The deep-water flows which drive ocean currents could decline by 40% by 2050, a team of Australian scientists says.
The currents carry vital heat, oxygen, carbon and nutrients around the globe.
Previous research suggests a slowdown in the North Atlantic current could cause Europe to become colder.
The study, published in the journal Nature, also warns the slowdown could reduce ocean’s ability to absorb carbon dioxide from the atmosphere.
The report outlines how the Earth’s network of deep ocean currents are driven by the downwards movement of cold, dense saltwater towards the sea bed near Antarctica.
But as fresh water from the ice cap melts, sea water becomes less salty and dense, and the downwards movement slows.
This deep ocean current, or “overturning”, has been relatively stable for thousands of years, scientists say, but it is now being disrupted by the warming climate.
“Our modelling shows that if global carbon emissions continue at the current rate, then the Antarctic overturning will slow by more than 40 per cent in the next 30 years – and on a trajectory that looks headed towards collapse,” study lead Professor Matthew England said.
“If the oceans had lungs, this would be one of them,” Prof England, an oceanographer at Sydney’s University of New South Wales, told a news briefing.
Scientists spent 35 million computing hours over two years to produce their models, which suggest deepwater circulation in the Antarctic could slow at twice the rate of decline in the North Atlantic.
The 2018 Atlas Study found the Atlantic Ocean circulation system was weaker than it had been for more than 1,000 years, and had changed significantly in the past 150.

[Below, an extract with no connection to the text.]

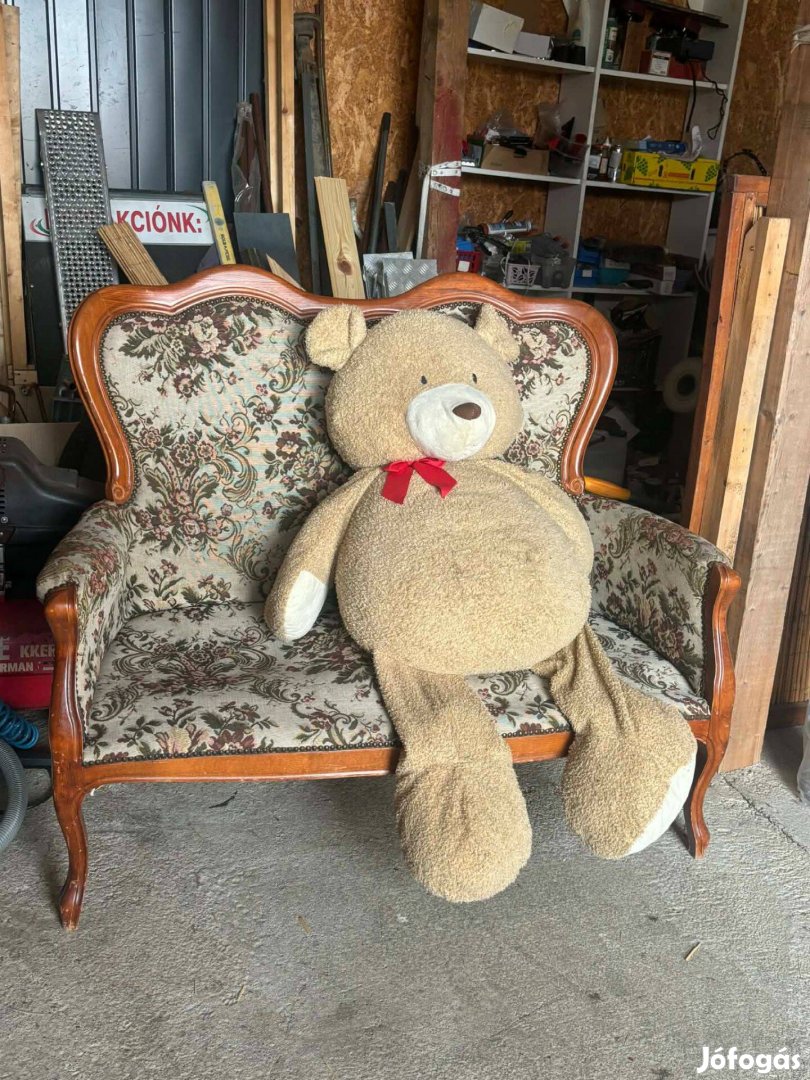 Régi stílusú barok bútor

It suggested changes to the conveyor-belt-like Atlantic Meridional Overturning Circulation (Amoc) could cool the ocean and north-west Europe, and affect deep-sea ecosystems.
A sensationalised depiction of the Amoc shutting down was shown in the 2004 climate disaster film The Day After Tomorrow.Deep ocean currents heading for collapse – report
The latest study’s findings also suggest a slowdown in circulation would also mean the ocean could not absorb as much carbon dioxide from the atmosphere as its upper layers became “stratified”.
Waters below 4,000 metres (13,123 ft) would stagnate, Prof England warned, and prevent vital ocean nutrients reaching marine life.
“[It’s] stunning to see that happen so quickly,” said climatologist Alan Mix from Oregon State University, a co-author of the latest Intergovernmental Panel on Climate Change (IPCC) assessment.
“It appears to be kicking into gear right now. That’s headline news,” he told Reuters.
The effect of Antarctic meltwater on ocean currents has not yet been factored in to IPCC models on climate change, but it is going to be “considerable”, Prof England said.
The study also highlighted how warming oceans could trigger greater melting of the western Antarctica ice shelf, but it did not examine how this could create a feedback effect, and even more melting.